Items listed in a dataset:
=== Begin Enclosure ===

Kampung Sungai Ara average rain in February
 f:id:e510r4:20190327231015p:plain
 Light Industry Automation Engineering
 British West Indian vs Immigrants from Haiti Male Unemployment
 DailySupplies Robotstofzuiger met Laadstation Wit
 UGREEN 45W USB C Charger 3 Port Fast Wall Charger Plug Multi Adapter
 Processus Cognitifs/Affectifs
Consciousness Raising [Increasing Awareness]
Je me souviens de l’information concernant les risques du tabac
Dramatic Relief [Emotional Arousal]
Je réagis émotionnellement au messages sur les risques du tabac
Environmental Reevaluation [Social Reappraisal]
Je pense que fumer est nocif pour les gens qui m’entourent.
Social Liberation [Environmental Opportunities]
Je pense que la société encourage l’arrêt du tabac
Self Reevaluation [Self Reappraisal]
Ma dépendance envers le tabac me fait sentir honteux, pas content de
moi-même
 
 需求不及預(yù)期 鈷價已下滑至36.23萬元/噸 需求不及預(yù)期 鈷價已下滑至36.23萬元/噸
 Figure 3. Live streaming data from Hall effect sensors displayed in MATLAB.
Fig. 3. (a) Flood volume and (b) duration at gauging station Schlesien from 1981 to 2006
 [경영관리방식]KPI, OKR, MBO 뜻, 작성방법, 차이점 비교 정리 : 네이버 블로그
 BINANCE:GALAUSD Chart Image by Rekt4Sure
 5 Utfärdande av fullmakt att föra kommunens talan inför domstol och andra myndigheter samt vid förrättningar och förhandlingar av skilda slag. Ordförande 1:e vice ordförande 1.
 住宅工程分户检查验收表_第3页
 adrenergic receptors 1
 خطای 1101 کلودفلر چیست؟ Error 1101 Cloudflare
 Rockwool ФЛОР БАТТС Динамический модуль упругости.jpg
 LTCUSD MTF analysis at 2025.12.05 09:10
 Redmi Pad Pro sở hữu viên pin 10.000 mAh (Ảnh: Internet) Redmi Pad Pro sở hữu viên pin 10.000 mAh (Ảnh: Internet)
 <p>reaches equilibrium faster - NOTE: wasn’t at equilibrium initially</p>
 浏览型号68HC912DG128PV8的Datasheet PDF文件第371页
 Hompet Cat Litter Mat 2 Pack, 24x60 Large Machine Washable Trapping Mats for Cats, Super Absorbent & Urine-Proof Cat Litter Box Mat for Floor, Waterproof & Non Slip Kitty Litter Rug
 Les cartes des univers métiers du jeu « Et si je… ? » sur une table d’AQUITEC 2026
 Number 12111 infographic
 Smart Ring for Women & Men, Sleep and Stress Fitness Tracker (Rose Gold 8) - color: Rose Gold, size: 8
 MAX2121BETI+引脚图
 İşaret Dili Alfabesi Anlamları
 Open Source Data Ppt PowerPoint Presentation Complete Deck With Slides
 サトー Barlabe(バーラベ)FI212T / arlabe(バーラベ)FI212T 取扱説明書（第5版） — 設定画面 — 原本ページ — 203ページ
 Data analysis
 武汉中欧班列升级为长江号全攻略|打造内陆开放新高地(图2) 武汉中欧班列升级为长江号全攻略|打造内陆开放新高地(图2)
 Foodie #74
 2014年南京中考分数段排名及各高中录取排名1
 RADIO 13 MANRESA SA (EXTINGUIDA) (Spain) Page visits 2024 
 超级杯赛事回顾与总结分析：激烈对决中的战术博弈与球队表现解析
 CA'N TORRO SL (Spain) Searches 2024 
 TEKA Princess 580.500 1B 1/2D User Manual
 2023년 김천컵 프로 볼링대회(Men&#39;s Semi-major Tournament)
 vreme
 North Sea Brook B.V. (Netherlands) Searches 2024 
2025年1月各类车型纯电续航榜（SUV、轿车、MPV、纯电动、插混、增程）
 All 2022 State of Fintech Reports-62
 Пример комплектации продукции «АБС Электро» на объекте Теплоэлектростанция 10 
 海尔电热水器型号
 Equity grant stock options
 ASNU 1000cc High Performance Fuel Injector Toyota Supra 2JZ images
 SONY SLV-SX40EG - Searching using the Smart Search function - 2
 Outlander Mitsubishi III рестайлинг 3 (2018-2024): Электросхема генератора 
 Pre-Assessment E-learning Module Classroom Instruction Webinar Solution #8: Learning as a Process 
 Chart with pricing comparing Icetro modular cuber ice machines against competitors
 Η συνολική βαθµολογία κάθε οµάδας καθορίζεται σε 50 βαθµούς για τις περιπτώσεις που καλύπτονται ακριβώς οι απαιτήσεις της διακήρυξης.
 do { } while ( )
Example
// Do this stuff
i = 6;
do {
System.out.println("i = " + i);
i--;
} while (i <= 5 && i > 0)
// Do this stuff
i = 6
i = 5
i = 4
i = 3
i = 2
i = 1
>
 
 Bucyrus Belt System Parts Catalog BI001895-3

=== End Enclosure ===

▸ Problem details: Take the lines from the top of the data through the one that contains "Hompet Cat Litter" and copy them exactly, leaving out every line after it.

▸ Expected answer:
Kampung Sungai Ara average rain in February
 f:id:e510r4:20190327231015p:plain
 Light Industry Automation Engineering
 British West Indian vs Immigrants from Haiti Male Unemployment
 DailySupplies Robotstofzuiger met Laadstation Wit
 UGREEN 45W USB C Charger 3 Port Fast Wall Charger Plug Multi Adapter
 Processus Cognitifs/Affectifs
Consciousness Raising [Increasing Awareness]
Je me souviens de l’information concernant les risques du tabac
Dramatic Relief [Emotional Arousal]
Je réagis émotionnellement au messages sur les risques du tabac
Environmental Reevaluation [Social Reappraisal]
Je pense que fumer est nocif pour les gens qui m’entourent.
Social Liberation [Environmental Opportunities]
Je pense que la société encourage l’arrêt du tabac
Self Reevaluation [Self Reappraisal]
Ma dépendance envers le tabac me fait sentir honteux, pas content de
moi-même
 
 需求不及預(yù)期 鈷價已下滑至36.23萬元/噸 需求不及預(yù)期 鈷價已下滑至36.23萬元/噸
 Figure 3. Live streaming data from Hall effect sensors displayed in MATLAB.
Fig. 3. (a) Flood volume and (b) duration at gauging station Schlesien from 1981 to 2006
 [경영관리방식]KPI, OKR, MBO 뜻, 작성방법, 차이점 비교 정리 : 네이버 블로그
 BINANCE:GALAUSD Chart Image by Rekt4Sure
 5 Utfärdande av fullmakt att föra kommunens talan inför domstol och andra myndigheter samt vid förrättningar och förhandlingar av skilda slag. Ordförande 1:e vice ordförande 1.
 住宅工程分户检查验收表_第3页
 adrenergic receptors 1
 خطای 1101 کلودفلر چیست؟ Error 1101 Cloudflare
 Rockwool ФЛОР БАТТС Динамический модуль упругости.jpg
 LTCUSD MTF analysis at 2025.12.05 09:10
 Redmi Pad Pro sở hữu viên pin 10.000 mAh (Ảnh: Internet) Redmi Pad Pro sở hữu viên pin 10.000 mAh (Ảnh: Internet)
 <p>reaches equilibrium faster - NOTE: wasn’t at equilibrium initially</p>
 浏览型号68HC912DG128PV8的Datasheet PDF文件第371页
 Hompet Cat Litter Mat 2 Pack, 24x60 Large Machine Washable Trapping Mats for Cats, Super Absorbent & Urine-Proof Cat Litter Box Mat for Floor, Waterproof & Non Slip Kitty Litter Rug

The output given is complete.